World leaders agreed to lift their collective output by an extra 2 percent by 2018 despite uneven growth in the world economy.
The G20 leaders ended their meeting in Turkey by endorsing plans to address the refugee crisis, taxation, climate change, cyber security and inequality.
“We remain committed to achieving our ambition to lift collective G20 GDP by an additional 2 percent by 2018,” the leaders said in a final communique.
“Our top priority is timely and effective implementation of our growth strategies that include measures to support demand and structural reforms.”
The G20, a grouping of the world’s leading economies, said it will “carefully calibrate” and “clearly communicate” policy decisions amid expectations of a US interest rate hike, possibly in December.
The communique, largely unchanged from the draft document reported by Reuters on Sunday, also emphasised previous exchange rate commitments and pledges to resist protectionism.
But at least one delegate noted the difficulty of coordinating policy at a time when growth is patchy, and economies diverge sharply.

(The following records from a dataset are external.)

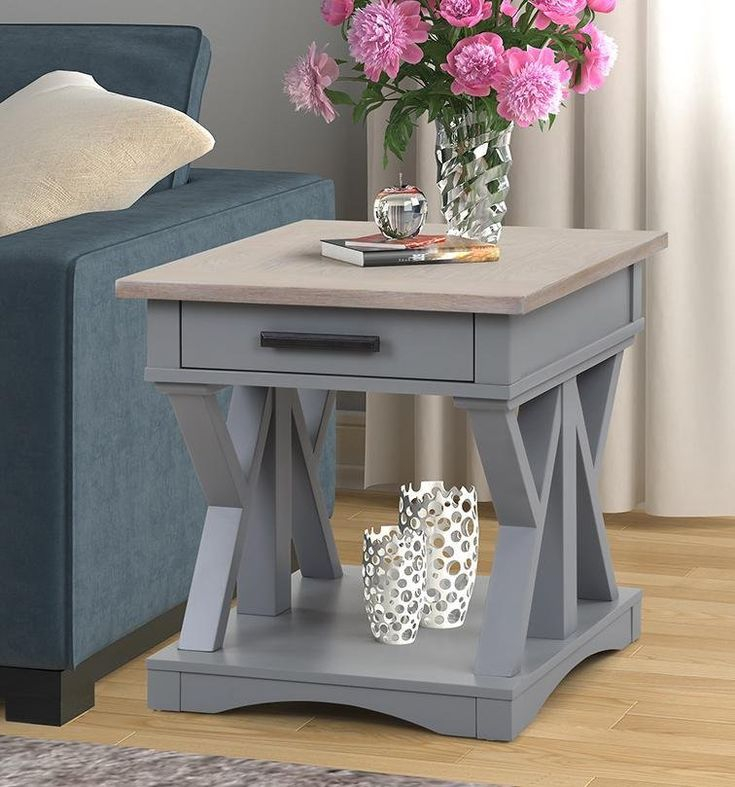 Amy Dove Gray End Table With Drawer | Rc Willey | End Tables, End ... intended for Choosing the Perfect Amy Collection Coffee Table in Dove Gray Design Considerations and Tips
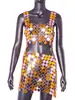 AYJ2026 Ropa europea y americana para mujer, nuevo traje sexy de color acrílico bloqueado sin espalda en Wish y Amazon D2085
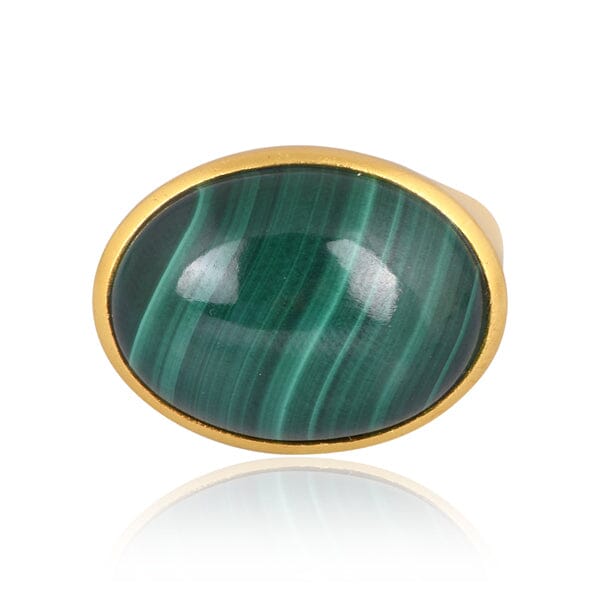 18ct Gold Vermeil Malachite Ring - BARNBURY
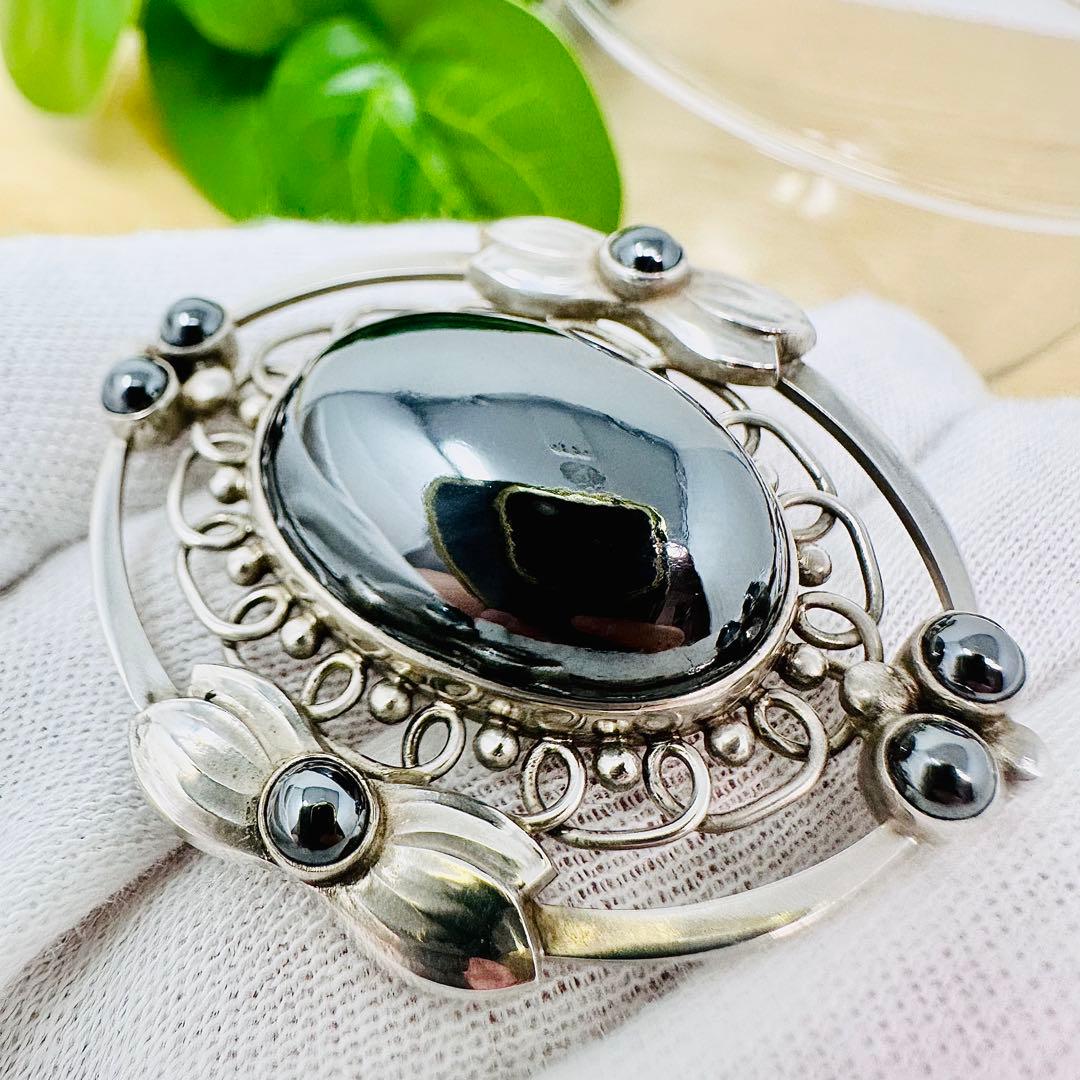   91 ヘマタイト　シルバー　ブローチ　925S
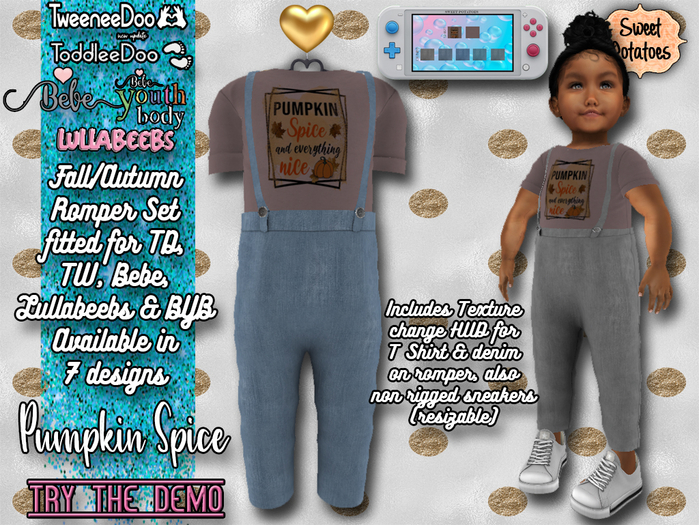< SP > Fall/Autumn Romper set for TD/TW/BEBE/LB/BYB - Pumpkin Spice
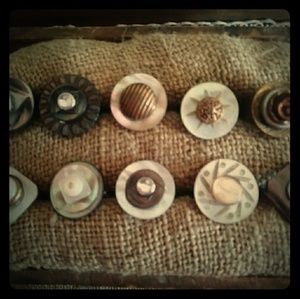 Handmade vintage button rings
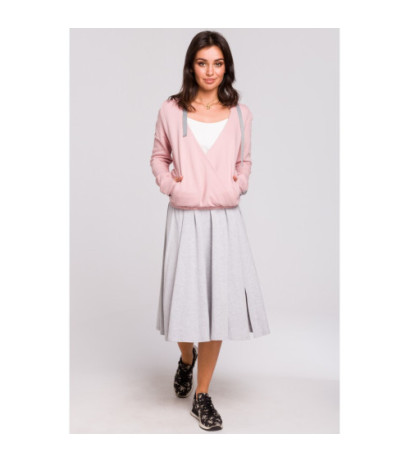 B127 Bluza z kapturem i przodem na zakładkę - pudrowa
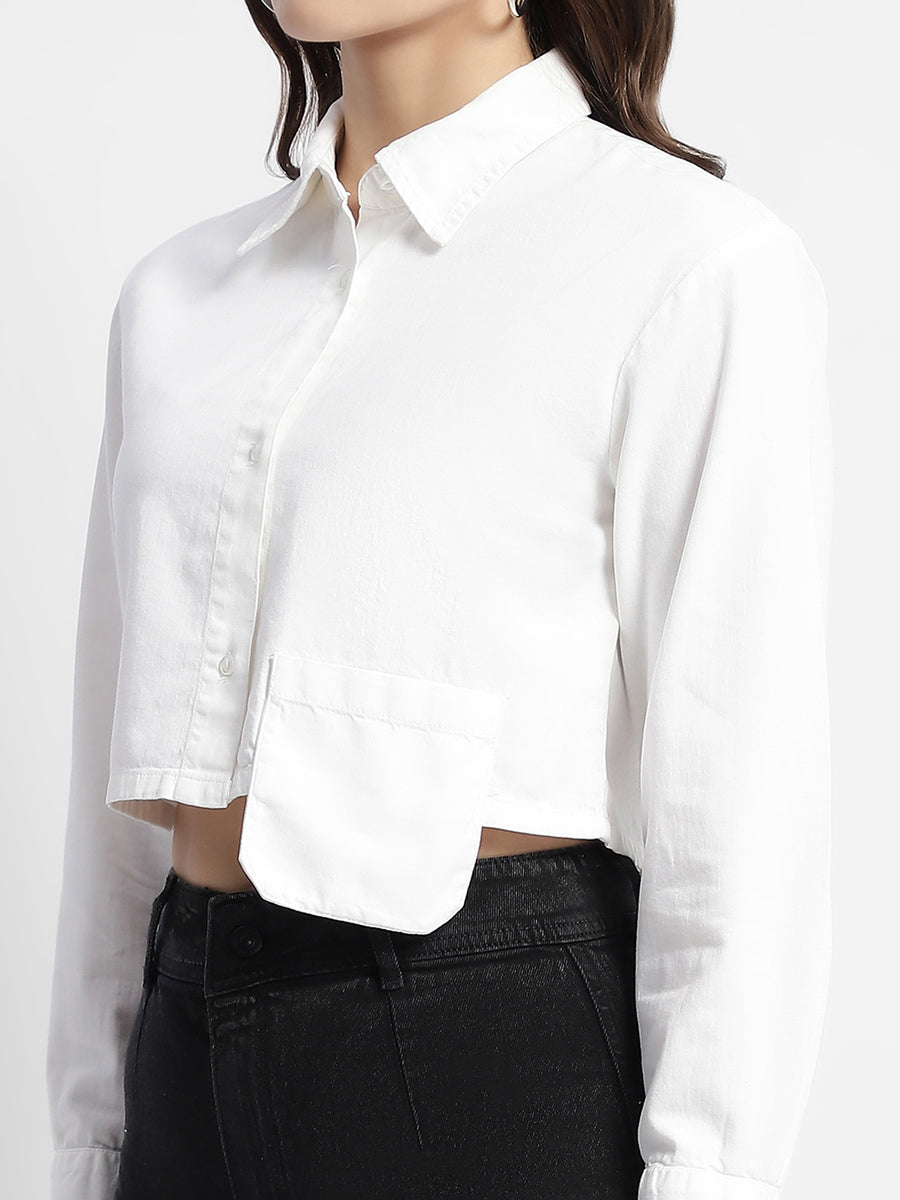 Madame White Front Flap Pocket Crop Shirt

“We have seen economic trends, as well as policies of major economies, have displayed different directions and it has become more necessary to coordinate macroeconomic policies,” Wang Xiaolong, China’s special envoy on G20 affairs, said.
“The difficulty in such coordination is also rising. We have seen that trade is declining as well as commodity prices which continue to fluctuate… and there have been some fluctuations on the financial markets.”
Diverging monetary policy has been a thorny issue for financial markets and policymakers this year, as the US Federal Reserve looks likely to hike rates, while much of the rest of the world struggles to kick-start growth.
Expectations of a US hike have boosted the dollar, often to the detriment of emerging market currencies.
In sharp contrast to the United States, much of the rest of the world, including China, remains vulnerable.
The European Central Bank has underlined readiness to extend money printing to boost weak growth and inflation in the euro zone.
Data from Japan on Monday showed the world’s third-largest economy slipped into a recession in July-September.
The leaders also endorsed measures to tackle corporate tax avoidance, although questions remain about whether countries will follow through on the plans or leave loopholes that multinationals can exploit.